FB: Bien évidemment, mais comme absolument toutes les filières industrielles et artisanales. Il faut sans cesse être innovant pour conquérir de nouveaux marchés, et c'est valable pour la question de l'éco-responsabilité. Nous sommes d'ailleurs en train de mettre au point un système de traçabilité qui va permettre de savoir avec exactitude d'où vient le cuir utilisé pour fabriquer tel ou tel produit. C'est une innovation primordiale, car si la réglementation est stricte en Europe, ce n'est pas forcément le cas dans le reste du monde. Il est donc très important de savoir d'où vient le cuir pour s'assurer non seulement de sa qualité, mais aussi des exigences respectées sur le plan environnemental. Grâce à cette innovation, la France sera le premier pays au monde à pouvoir être totalement transparent sur l'origine du cuir, et cela entraînera forcément des initiatives dans d'autres pays; ce qui est forcément une bonne chose.

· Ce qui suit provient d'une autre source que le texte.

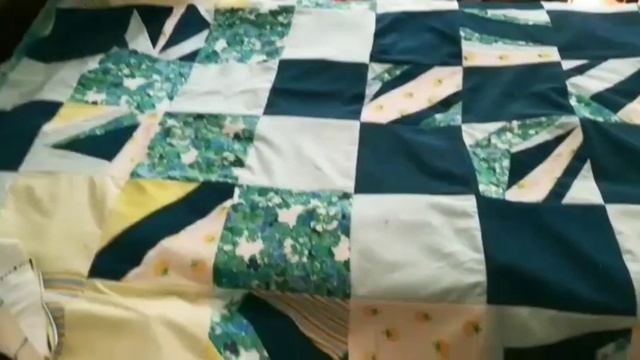 Лоскутное покрывало в зелено-желтых тонах смотреть онлайн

Le cuir est pointé du doigt pour la grande quantité d'eau qu'induit sa fabrication. Est-ce également un point sur lequel la filière tente d'innover?

FB: Cela fait des années que la filière planche sur cette question, et elle a déjà réduit de près de 50% la quantité d'eau utilisée par les tanneries au cours des vingt dernières années, ainsi que la proportion de produits chimiques utilisés. L'objectif de nos recherches est de produire à qualité équivalente en utilisant de moins en moins de ressources. C'est bon pour la planète, mais aussi pour la rentabilité des entreprises. Tout le monde est engagé dans une lutte permanente pour améliorer les process, en utilisant de moins en moins d'énergies et de ressources. Notre filière est surtout connue pour ses traditions et ses savoir-faire, mais il faut savoir qu'elle a recours à toutes les techniques modernes de digitalisation, de marquage laser, ou d'impression 3D. Nous utilisons toutes les technologies du moment pour améliorer non seulement la fabrication, mais aussi la résistance des produits. Nous sommes totalement engagés sur le plan de l'innovation.

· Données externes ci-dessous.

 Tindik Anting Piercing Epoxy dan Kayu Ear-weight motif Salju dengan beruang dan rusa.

Le cuir de demain sera-t-il écoresponsable?

FB:
Contrairement aux idées reçues, le cuir est déjà écoresponsable. La filière cuir est un modèle d'économie circulaire, car elle traite un rebut de l'industrie agroalimentaire. Nous récupérons des peaux qui, si elles n'étaient pas transformées en cuir, seraient forcément jetées, incinérées, ou détruites. A partir de ces peaux, nous créons une nouvelle matière première; ce qui est le principe même de l'économie circulaire. Cela n'empêche pas que l'on peut, et l'on va, continuer à réduire l'impact environnemental de notre activité, mais le cuir est certainement l'activité de recyclage la plus ancienne au monde.